La Cia, denunciando la grave situazione di crisi nel settore cunicolo, chiede di inserire nella normativa europea, l’obbligo di etichettatura di origine per la carne di coniglio, oltre a quello di allevamento e macellazione.
Questo settore in Basilicata coinvolge 145 aziende con “consistenti” allevamenti di coniglio mentre ammontano a circa 126mila i capi cunicoli complessivi.
Si tratta di un comparto zootecnico di nicchia perché ci sono aziende agricole che utilizzano l’allevamento di pochi capi ad uso familiare, mentre la media di capi/azienda per le strutture che se ne occupano come attività principiale è di 860 capi/azienda.
Stando all’indagine della CIA, nella nostra regione, il comparto cunicolo ha subito un autentico tracollo: in dieci anni si è passati da oltre 5mila aziende a solo 145, ma a testimonianza del crescente impegno degli allevatori lucani i capi dei conigli nel giro di dieci anni è passato da 23 a 867 capi ad azienda.
Per la Confederazione Italiana Agricoltori:
“L’allevamento di conigli può rappresentare anche nella nostra regione una valida opportunità per sviluppare la multifunzionalità aziendale e per accrescere il reddito degli agricoltori, specie se titolari di piccole aziende familiari.
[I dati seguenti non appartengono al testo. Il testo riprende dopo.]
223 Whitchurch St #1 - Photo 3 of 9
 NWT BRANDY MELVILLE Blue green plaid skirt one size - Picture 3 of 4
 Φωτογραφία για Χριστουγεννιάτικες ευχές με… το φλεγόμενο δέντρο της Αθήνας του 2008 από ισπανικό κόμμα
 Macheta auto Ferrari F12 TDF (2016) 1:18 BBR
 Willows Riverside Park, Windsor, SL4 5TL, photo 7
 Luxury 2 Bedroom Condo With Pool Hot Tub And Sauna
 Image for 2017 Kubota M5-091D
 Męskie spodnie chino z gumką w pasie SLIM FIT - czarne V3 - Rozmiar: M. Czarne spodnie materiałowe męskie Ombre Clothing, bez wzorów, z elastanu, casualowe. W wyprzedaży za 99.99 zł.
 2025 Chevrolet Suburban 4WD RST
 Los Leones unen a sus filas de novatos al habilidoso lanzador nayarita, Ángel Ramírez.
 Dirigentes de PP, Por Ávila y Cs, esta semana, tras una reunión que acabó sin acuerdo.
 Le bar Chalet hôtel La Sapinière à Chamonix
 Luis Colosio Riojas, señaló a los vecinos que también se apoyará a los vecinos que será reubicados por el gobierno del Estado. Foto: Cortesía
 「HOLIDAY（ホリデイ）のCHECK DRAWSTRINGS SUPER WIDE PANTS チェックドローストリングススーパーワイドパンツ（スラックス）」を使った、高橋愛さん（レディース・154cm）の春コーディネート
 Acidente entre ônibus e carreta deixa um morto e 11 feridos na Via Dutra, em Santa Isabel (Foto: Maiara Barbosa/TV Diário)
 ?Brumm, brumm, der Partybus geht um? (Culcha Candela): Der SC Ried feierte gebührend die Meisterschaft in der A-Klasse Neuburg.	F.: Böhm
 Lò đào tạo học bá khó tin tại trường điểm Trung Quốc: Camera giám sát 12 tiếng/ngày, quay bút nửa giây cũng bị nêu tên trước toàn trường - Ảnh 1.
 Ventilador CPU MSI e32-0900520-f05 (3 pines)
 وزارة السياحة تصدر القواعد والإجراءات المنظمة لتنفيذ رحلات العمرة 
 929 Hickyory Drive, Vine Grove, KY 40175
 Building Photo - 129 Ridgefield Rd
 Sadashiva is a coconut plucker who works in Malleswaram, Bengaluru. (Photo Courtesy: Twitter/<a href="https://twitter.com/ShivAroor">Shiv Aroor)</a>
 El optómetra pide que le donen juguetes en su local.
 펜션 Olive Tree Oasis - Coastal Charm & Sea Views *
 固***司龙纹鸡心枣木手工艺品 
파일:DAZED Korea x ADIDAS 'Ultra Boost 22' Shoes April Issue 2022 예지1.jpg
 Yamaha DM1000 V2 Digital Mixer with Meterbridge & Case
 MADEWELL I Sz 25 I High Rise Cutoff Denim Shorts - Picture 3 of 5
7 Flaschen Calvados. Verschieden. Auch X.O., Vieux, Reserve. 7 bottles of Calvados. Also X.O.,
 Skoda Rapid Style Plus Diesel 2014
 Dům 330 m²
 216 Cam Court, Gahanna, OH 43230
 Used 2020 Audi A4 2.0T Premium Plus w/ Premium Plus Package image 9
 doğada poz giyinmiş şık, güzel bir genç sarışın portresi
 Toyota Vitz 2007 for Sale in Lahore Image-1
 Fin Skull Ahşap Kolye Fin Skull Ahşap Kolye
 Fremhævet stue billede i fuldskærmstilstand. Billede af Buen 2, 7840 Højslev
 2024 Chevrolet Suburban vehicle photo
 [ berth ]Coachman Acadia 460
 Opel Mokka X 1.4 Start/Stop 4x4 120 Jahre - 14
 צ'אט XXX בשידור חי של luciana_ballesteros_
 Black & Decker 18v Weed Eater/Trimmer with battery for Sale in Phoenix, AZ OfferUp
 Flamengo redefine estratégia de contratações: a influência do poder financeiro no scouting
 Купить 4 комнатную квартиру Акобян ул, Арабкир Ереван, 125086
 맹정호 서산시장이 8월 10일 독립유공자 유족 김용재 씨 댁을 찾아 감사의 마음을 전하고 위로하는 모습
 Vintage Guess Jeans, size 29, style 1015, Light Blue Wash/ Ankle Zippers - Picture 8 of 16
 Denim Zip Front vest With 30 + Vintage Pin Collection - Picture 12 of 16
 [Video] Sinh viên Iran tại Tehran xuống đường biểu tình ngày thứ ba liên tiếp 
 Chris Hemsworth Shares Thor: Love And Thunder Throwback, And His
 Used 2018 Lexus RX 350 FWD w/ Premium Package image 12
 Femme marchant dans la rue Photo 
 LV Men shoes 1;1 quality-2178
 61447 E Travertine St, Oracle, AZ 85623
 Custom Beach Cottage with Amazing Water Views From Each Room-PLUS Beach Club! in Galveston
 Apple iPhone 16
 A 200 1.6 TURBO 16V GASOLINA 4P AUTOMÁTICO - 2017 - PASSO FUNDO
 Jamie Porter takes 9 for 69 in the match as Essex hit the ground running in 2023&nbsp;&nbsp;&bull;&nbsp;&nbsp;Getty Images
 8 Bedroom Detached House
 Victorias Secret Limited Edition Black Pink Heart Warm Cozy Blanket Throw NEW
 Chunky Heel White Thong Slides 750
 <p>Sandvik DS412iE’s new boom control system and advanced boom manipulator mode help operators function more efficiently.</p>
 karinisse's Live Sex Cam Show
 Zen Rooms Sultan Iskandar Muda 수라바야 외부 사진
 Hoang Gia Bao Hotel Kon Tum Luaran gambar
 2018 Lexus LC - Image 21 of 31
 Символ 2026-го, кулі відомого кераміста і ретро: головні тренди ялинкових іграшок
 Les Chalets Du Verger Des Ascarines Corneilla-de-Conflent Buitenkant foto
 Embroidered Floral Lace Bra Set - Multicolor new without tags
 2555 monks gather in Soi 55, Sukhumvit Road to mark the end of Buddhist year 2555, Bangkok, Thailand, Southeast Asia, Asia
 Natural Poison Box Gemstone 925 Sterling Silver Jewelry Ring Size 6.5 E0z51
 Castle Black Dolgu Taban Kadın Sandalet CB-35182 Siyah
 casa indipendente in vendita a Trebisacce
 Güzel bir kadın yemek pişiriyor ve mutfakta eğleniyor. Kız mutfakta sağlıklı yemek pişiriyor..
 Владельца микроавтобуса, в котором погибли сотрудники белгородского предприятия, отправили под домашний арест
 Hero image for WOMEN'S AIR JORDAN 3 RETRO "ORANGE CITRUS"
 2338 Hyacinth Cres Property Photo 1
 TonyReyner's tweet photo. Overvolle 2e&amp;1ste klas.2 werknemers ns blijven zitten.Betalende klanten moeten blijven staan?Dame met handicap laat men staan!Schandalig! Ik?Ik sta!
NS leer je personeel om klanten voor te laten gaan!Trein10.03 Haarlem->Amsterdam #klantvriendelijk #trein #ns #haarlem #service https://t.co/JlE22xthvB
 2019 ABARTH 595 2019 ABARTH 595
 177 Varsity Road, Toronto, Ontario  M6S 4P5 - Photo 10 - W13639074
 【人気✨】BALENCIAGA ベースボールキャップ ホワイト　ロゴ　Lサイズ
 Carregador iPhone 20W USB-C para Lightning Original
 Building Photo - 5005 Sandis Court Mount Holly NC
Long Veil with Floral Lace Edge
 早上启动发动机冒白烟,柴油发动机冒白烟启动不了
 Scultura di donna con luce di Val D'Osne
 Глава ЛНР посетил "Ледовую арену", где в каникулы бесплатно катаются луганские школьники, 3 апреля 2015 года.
Come sanno i consumatori trovare in macelleria il “coniglio paesano” è sempre più raro e sulla provenienza non si ha, salvo eccezioni, certezza a causa della forte crescita di importazione da altri Paesi Europei ed extra UE con prezzi bassi nei supermercati e in macelleria.
L’obbligatorietà nell’etichettatura, peraltro già prevista per le altre carni fresche (suine, bovine, ovine, caprine, pollame) dall’Ue è necessaria per valorizzare le carni della nostra regione e italiane.
Serve un marchio del Dicastero agricolo per valorizzare questo comparto che genera una qualità superiore rispetto ad altre nazioni produttrici, oltre a sostenere la filiera con campagne promozionali alla stregua di altri prodotti Made in Italy.
Oggi la carne di coniglio resta ancora esclusa da un sistema di etichettatura trasparente consentendo così a referenze estere di entrare in modo anonimo nei circuiti distributivi italiani”.